→ Task statement
Please state the number of lines in the entries below where the word "https" appears. Include nothing else.

========================

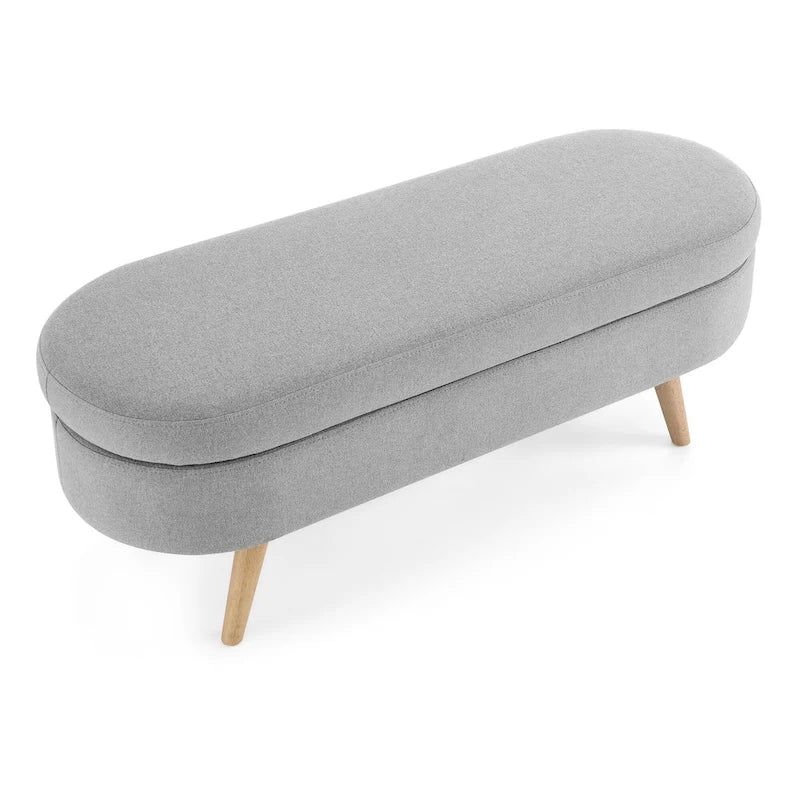 Banc de rangement ottoman plissé en lin avec pieds durables en bois d'hévéa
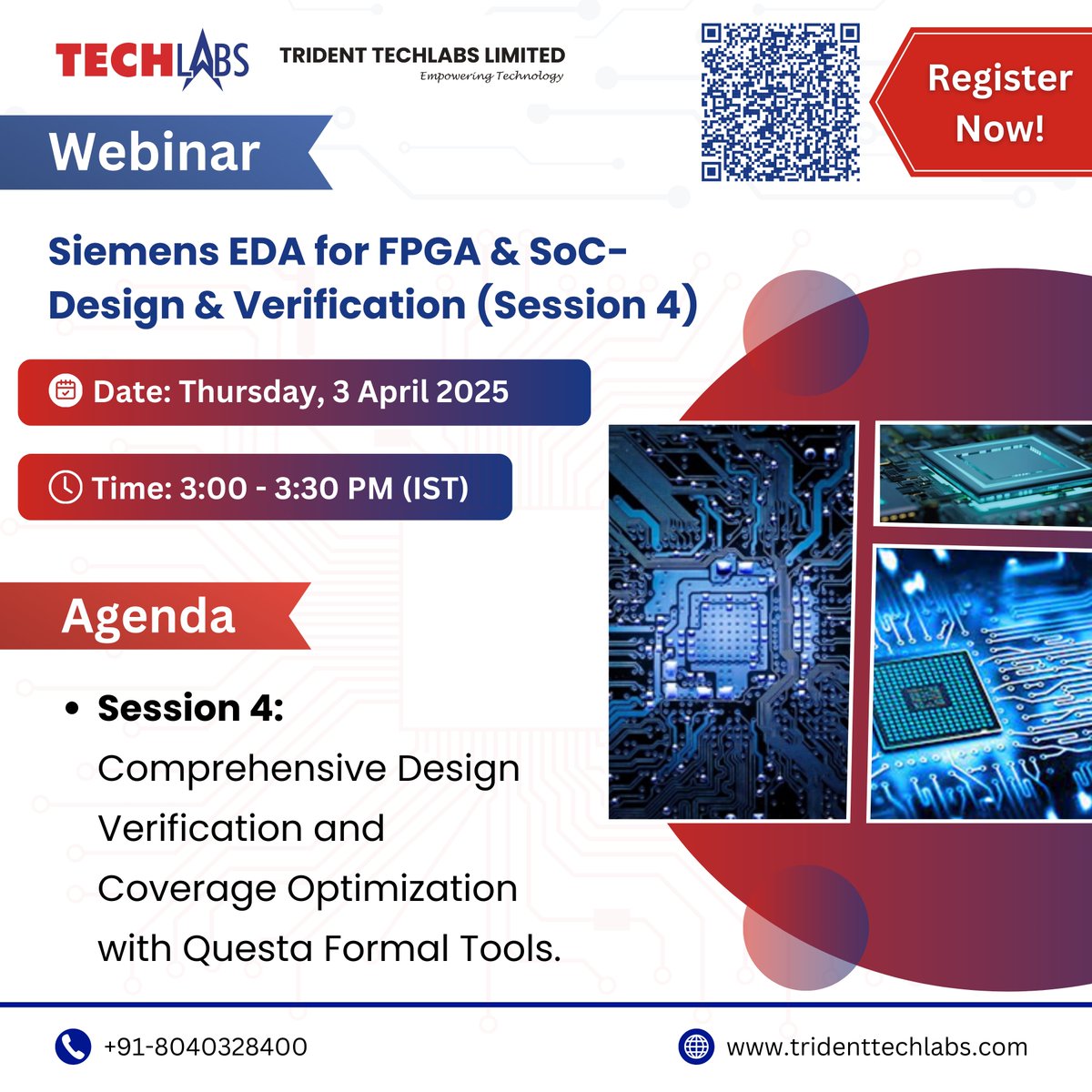 TechlabsTrident's tweet photo. ๐ Join us for Session 4 of our Siemens EDA webinar series! ๐
๐น Topic: Design Verification & Coverage Optimization with Questa Formal
๐
Date: April 3, 2025 | โฐ 3:00 โ 3:30 PM
๐ Register now: https://t.co/p2xPkKJDbf
#FPGA #SoC #EDA #QuestaFormal #TechWebinar https://t.co/r3D5Uo4Yp9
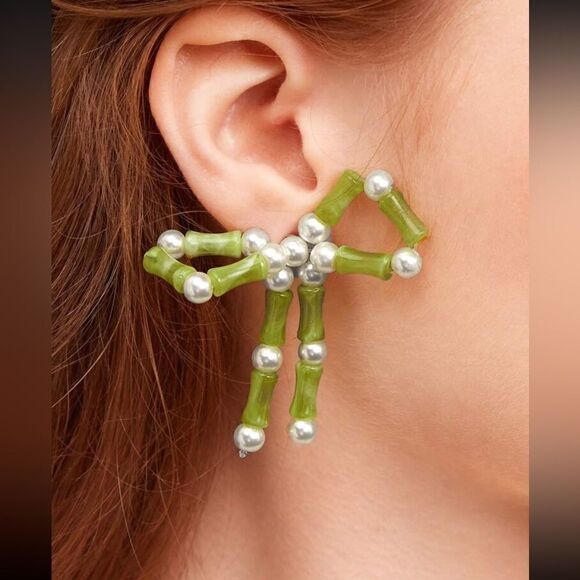 Boho pearl bow earrings M536 - Picture 1 of 5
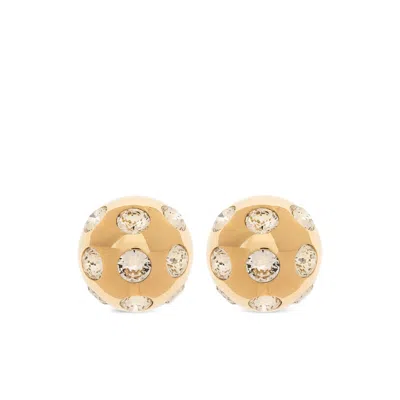 Jacquemus Square Round Earrings With Rhinestones In Gold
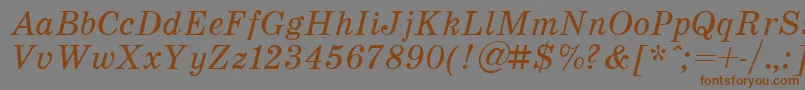 SchoolItalic Font – Brown Fonts on Gray Background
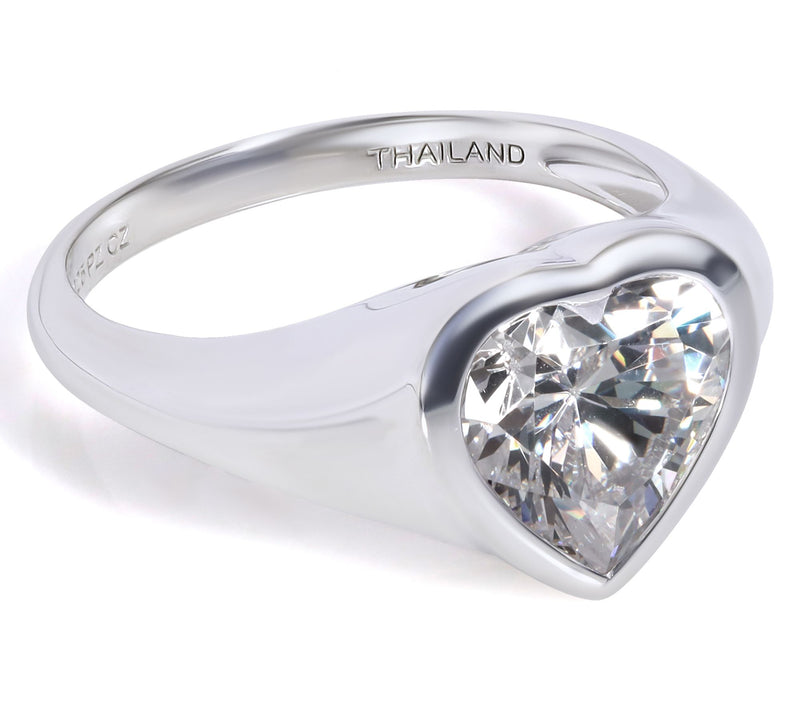 Diamonique 4.55 cttw Heart Ring, Sterling Silver — Main view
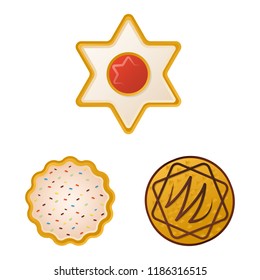 Vector illustration of biscuit and bake symbol. Set of biscuit and chocolate stock symbol for web.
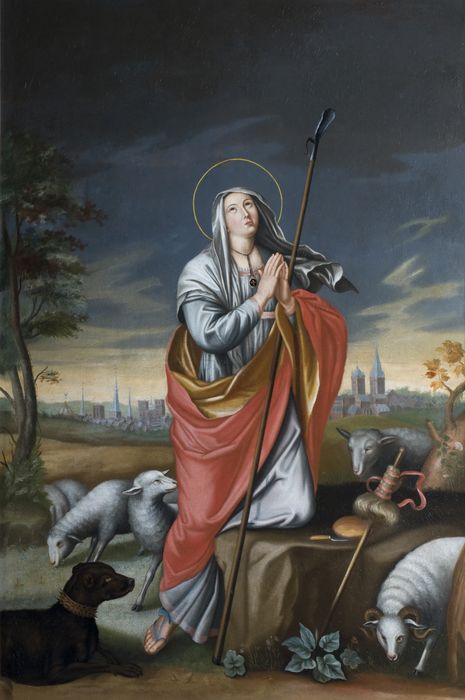 tableau : Sainte Geneviève gardant ses moutons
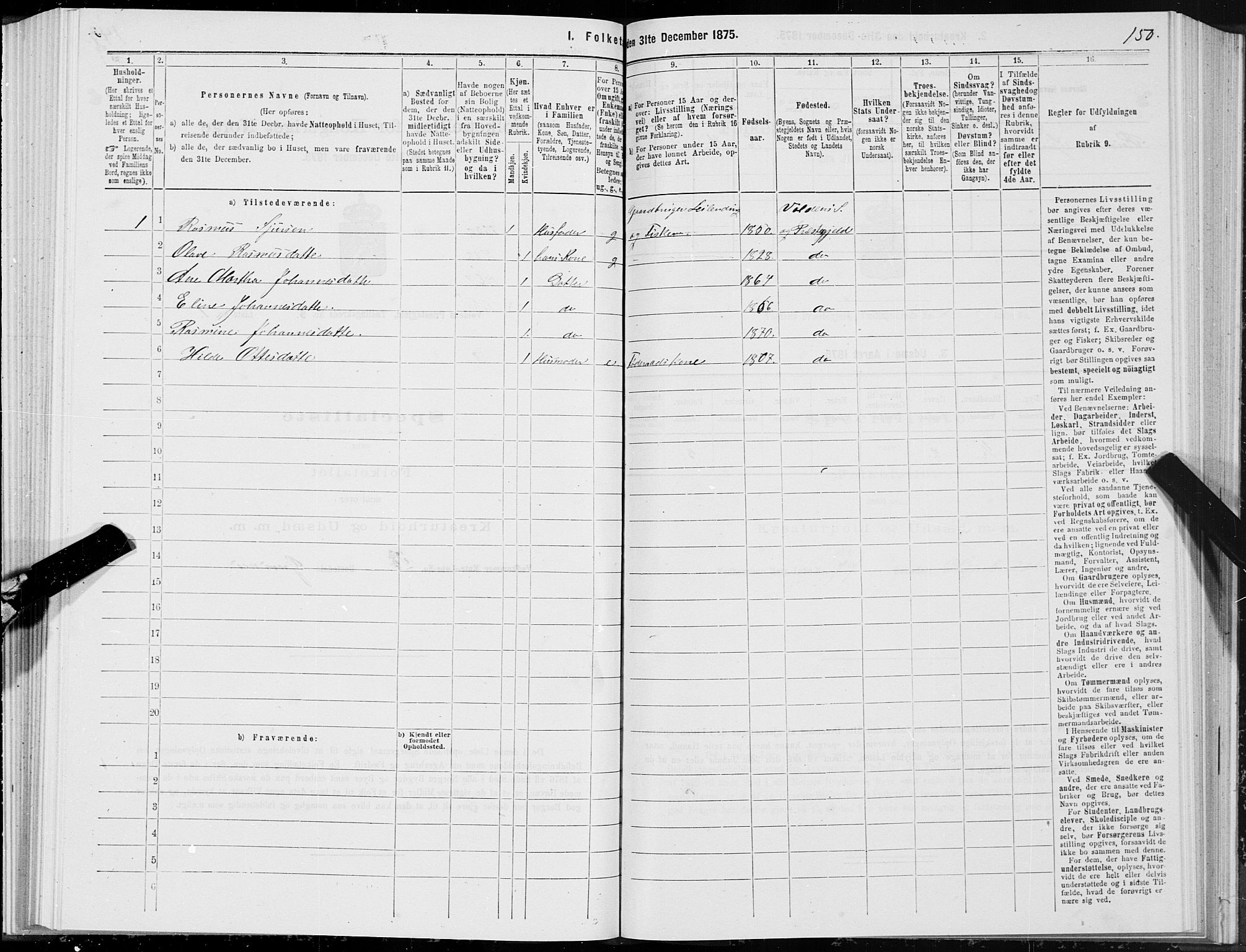 SAT, Folketelling 1875 for 1519P Volda prestegjeld, 1875, s. 5150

========================

→ Output below
2